[Brief descriptive captions]
-=-=-=-=-
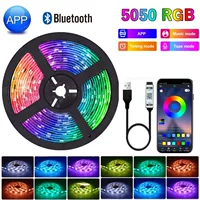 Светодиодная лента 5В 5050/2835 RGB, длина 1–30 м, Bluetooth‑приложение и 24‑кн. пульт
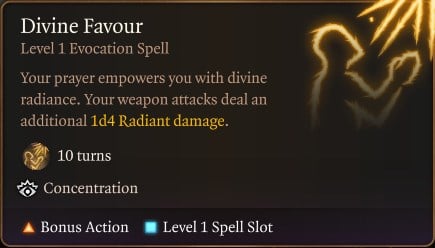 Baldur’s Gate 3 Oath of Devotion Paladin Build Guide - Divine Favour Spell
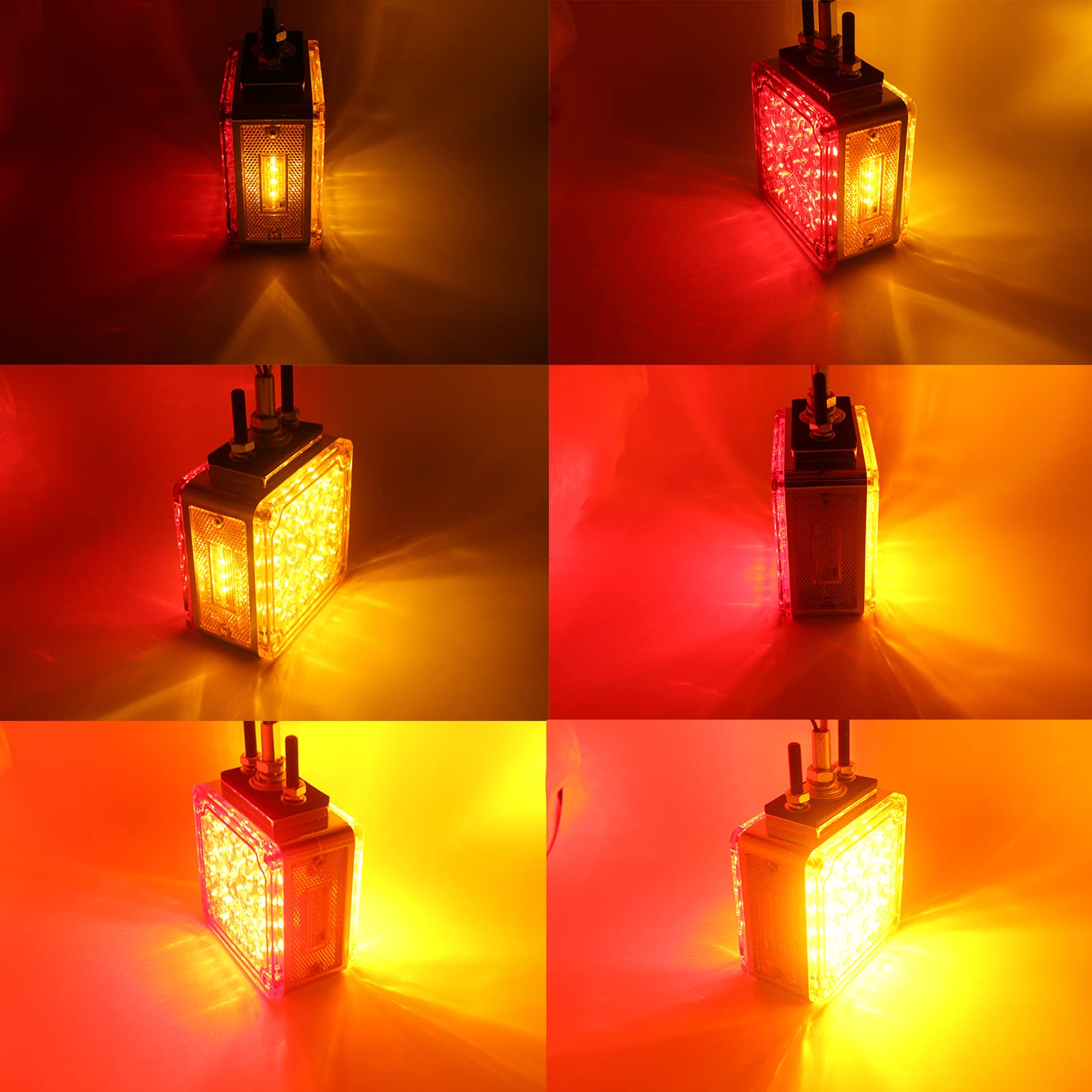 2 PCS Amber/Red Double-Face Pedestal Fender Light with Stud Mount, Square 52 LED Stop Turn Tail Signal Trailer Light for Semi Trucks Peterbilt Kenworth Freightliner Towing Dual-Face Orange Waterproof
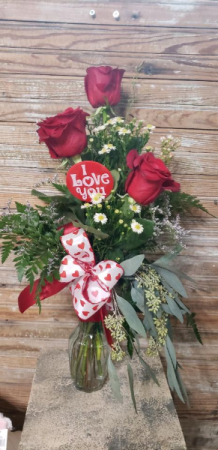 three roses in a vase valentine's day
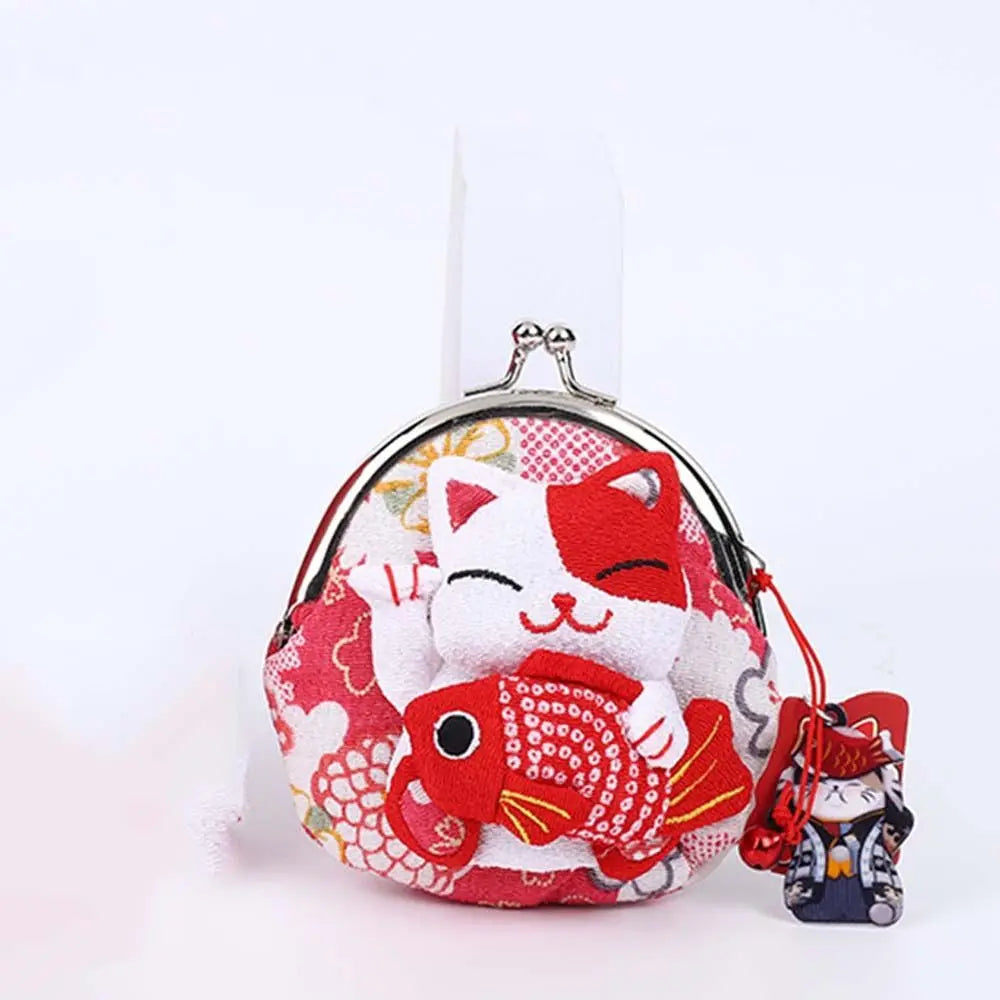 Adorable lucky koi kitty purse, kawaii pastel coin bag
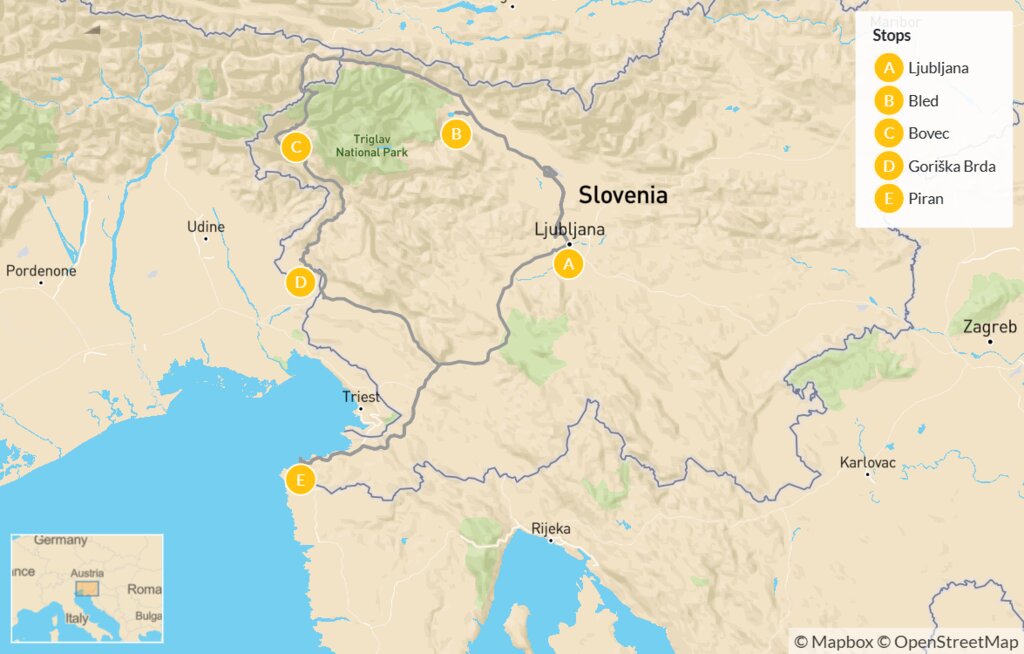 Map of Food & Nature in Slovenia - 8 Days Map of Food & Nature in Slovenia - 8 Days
-=-=-=-=-
Leave out the pictures and return, exactly as written, only the lines from the line with "2 PCS Amber/Red" through the end of the records above.

→ Your response:
 2 PCS Amber/Red Double-Face Pedestal Fender Light with Stud Mount, Square 52 LED Stop Turn Tail Signal Trailer Light for Semi Trucks Peterbilt Kenworth Freightliner Towing Dual-Face Orange Waterproof
 three roses in a vase valentine's day
 Adorable lucky koi kitty purse, kawaii pastel coin bag
 Map of Food & Nature in Slovenia - 8 Days Map of Food & Nature in Slovenia - 8 Days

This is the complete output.